O mais temido deles era o moçambicano Eusébio, outro dos centroavantes diabólico, mais maduro e mais célebre, aos 27 anos.

E Claudiomiro, no gramado intocado, olhava pra Eusébio com admiração de um fã. Na Copa da Inglaterra, quando a fama de Eusébio chegara ao ponto de dizerem que ele havia roubado de Pelé a coroa de rei do futebol, aquele centroavante do Inter tinha àquela época apenas 14 anos.

Pois agora era melhor esquecer o ídolo. E aí Claudiomiro pressentiu um cruzamento e cabeceou pra inaugurar as redes do Beira-Rio. Eusébio não deve ter registrado o nome do autor daquele gol mítico. Mas o futebol guardou para sempre.

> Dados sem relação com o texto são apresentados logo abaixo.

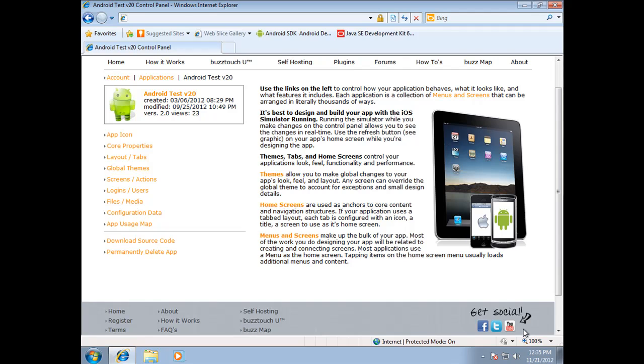Hello BuzzTouch friends. Today we're going to show you how to get your application out of the BuzzTouch control panel down to your computer and into Eclipse. And then once you get into Eclipse, that is the place that you go to manipulate it and run it and debug it and whatever you need to do to prepare it to get it to the store.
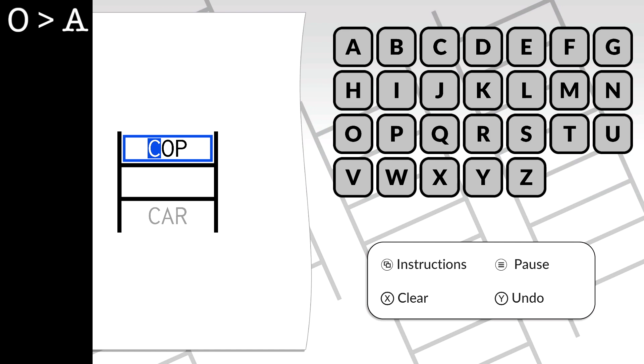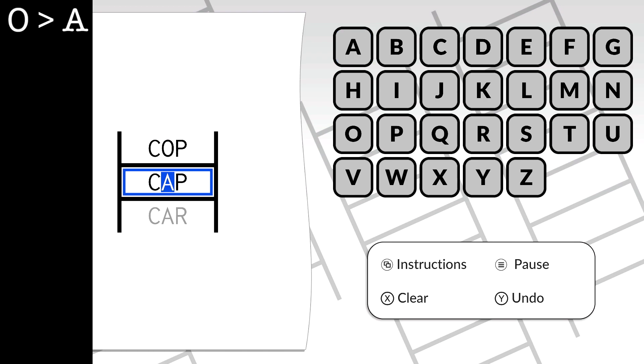What you want to do is load it up. All you have to do really is change the O in COP to an A to get CAP, then just mash the X button to keep clearing your moves until you get back to the beginning.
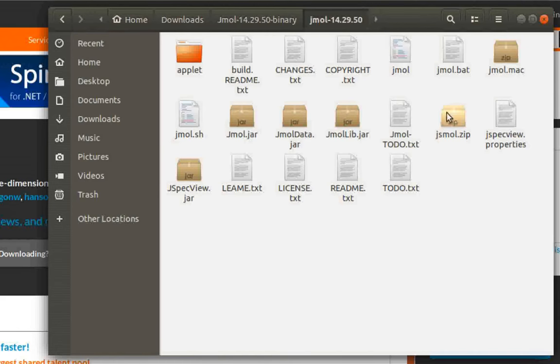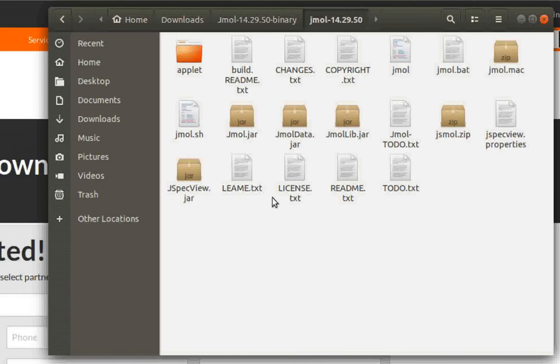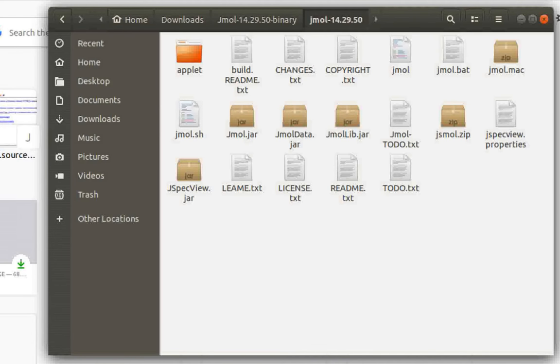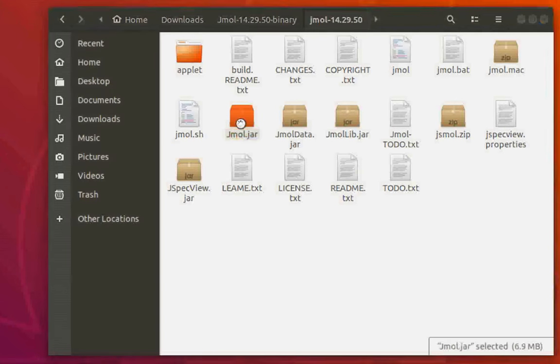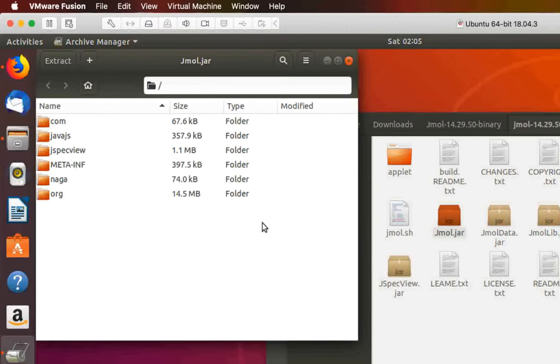If you go ahead and open it, you'll notice it has a lot of files. The most important file is jmol.jar - this is the application or executable file. But if you double-click on it and don't have Java installed, it just won't work and you'll see the contents within this executable file.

Claudiomiro Estrais Ferreira guardava outro segredo. O sobrenome Estrais, na verdade, era Streiss. Sua mãe, dona Delaide herdou o sobrenome por ter sido criada por alemães.

Depois daquele jogo inesquecível, em que o Inter por fim venceu o Benfica por 2 a 1 na inauguração do estádio, Benfica e Eusédio voltaram para Lisboa. Claudiomiro foi festejar em Canoas, na grande Porto Alegre, onde ainda morava com a família. Afinal, tinha apenas 17 anos. Sua morte, aos 68 anos, é mais uma cena do fim do romantismo no futebol. (texto de JONES LOPES)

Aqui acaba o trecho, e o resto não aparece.